Who in local and provincial governance will stand up and admit that road safety in Nova Scotia is not a problem, it is a crisis? And announce that we need to roll out emergency measures, plans and funding which will enable us to travel safely?

This isn’t a safety lecture. We do what we can to avoid accidents and stay safe. Neither is it a rant about what drivers can get away with without facing enforcement consequences – the police do what they can within their allocated resources to prevent dangerous behaviour on our roads.

Our traffic police face the most difficult conditions to deliver effective enforcement – no camera enforcement, virtually no physical traffic calming measures, and many dangerous wide and multiple lane roads with high speed limits in built up areas which are often light on traffic. Result: Speeding, red light running, dangerous overtaking, pedestrians who are not seen on wide and poorly marked crosswalks, and traffic moving too quickly and closely around cyclists and bikers.

Hence this plea recently issued by Halifax Regional Police to drivers regarding Joseph Howe Road after clocking drivers moving at around double the speed limit: Don’t judge your speed based on the design of the road. While this area allows four lanes of traffic, the speed limit is still 50km/h.

Do road accidents just happen to careless people?

We must get to work, go to the shops, visit friends and family and get on with our lives despite the situation on our roads. But don’t the regular deaths and severe injuries just affect those who are not taking enough care?

Reckless road users exist everywhere, but what the statistics reveal is a very disproportionate amount of accidents and fatalities which affect vulnerable road users (cyclists, bikers and pedestrians), which Transport Canada say account for over a quarter of traffic fatalities in Canada. And if you happen to be a pedestrian who is also a senior citizen, sadly the chances of being hit on our roads is even greater.

How about locally? Halifax has the highest rate of collisions in Canada for several years running, according to insurance data. And Nova Scotia’s most severe collisions involve pedestrians and cyclists.

The situation on our roads especially for vulnerable users is not normal or safe. They are much more likely to be involved in severe accidents compared to drivers, not because they are being careless, but because they lack an appropriate environment on our roads; safe crossing points, lower traffic speeds, safe intersections, traffic law which minimizes conflict and danger, and appropriate space to walk or cycle separated from traffic – sidewalks or cycle lanes.

Intersections: The key to safer roads for all

In the Halifax Regional Municipality, more than three times the number of collisions involving pedestrians happen at signalized intersection crosswalks compared to other locations, including mid-block crosswalks with overhead lights. Our traffic lights do not prevent traffic from turning left when pedestrians cross on a walk sign, a conflict which leads to HRM’s most common cause of vehicles hitting pedestrians.  

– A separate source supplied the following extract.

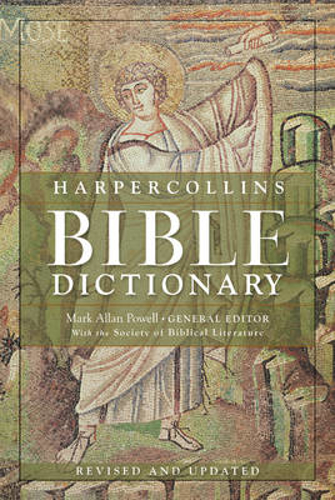 Picture of HarperCollins Bible Dictionary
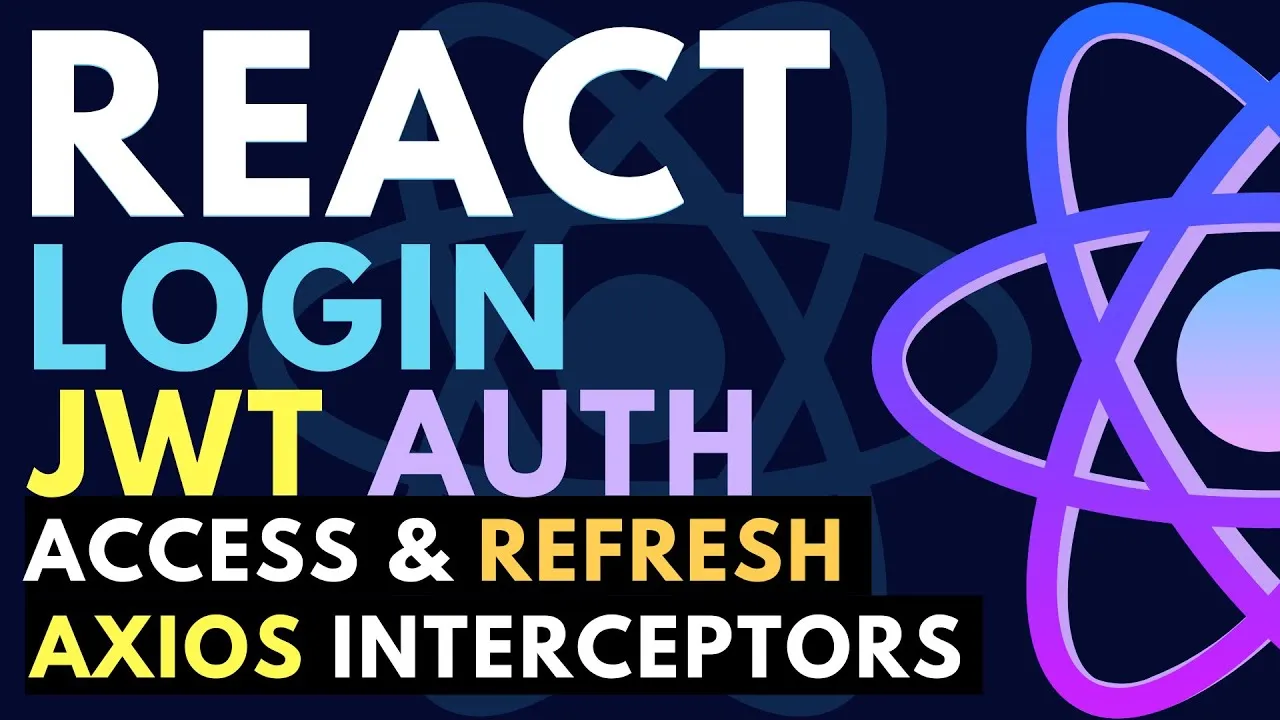 React JWT Authentication with Refresh Tokens and Cookies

Our Provincial law allows traffic to turn right on a red, another common cause of traffic hitting pedestrians, also a cause of collisions with oncoming traffic including bikers and cyclists. And where intersections lack a protected turn enabled through a directional/arrow traffic light, traffic turning left must find a gap to cut through oncoming traffic – a very dangerous maneuver and regular cause of accidents involving all road users.  

In the UK, turning traffic has a red light at signalized intersections throughout the duration the walk sign is on, permitting a “protected” crossing where pedestrians do not rely just on a legal right of way. In North America, that is often unfortunately unthinkable due to the greater priority given to traffic flow over safety, so instead some cities have introduced “Leading Pedestrian Intervals” at signalized intersections, which give pedestrians a 3 to 7 second head start to cross before turning traffic gets a green light to proceed. Although this is an insulting “head start” if you happen to be elderly or disabled, these have resulted in a 40% reduction in severe accidents involving bikes and pedestrians where introduced in New York. What a difference this would make in Halifax and Nova Scotia!

To make travel safer for vulnerable road users, Nova Scotia must focus on locations where there is conflict between traffic flows, particularly at our wide and dangerous signalized intersections. Upgrading and re-adjusting our existing traffic lights alone should lead to a very significant reduction in collisions, and would enable us to get about safely without dodging turning traffic coming from all angles. Or, something like this raised crosswalk at an intersection in Amherst, Nova Scotia, should make a significant difference to slow traffic and make crossing points much more visible.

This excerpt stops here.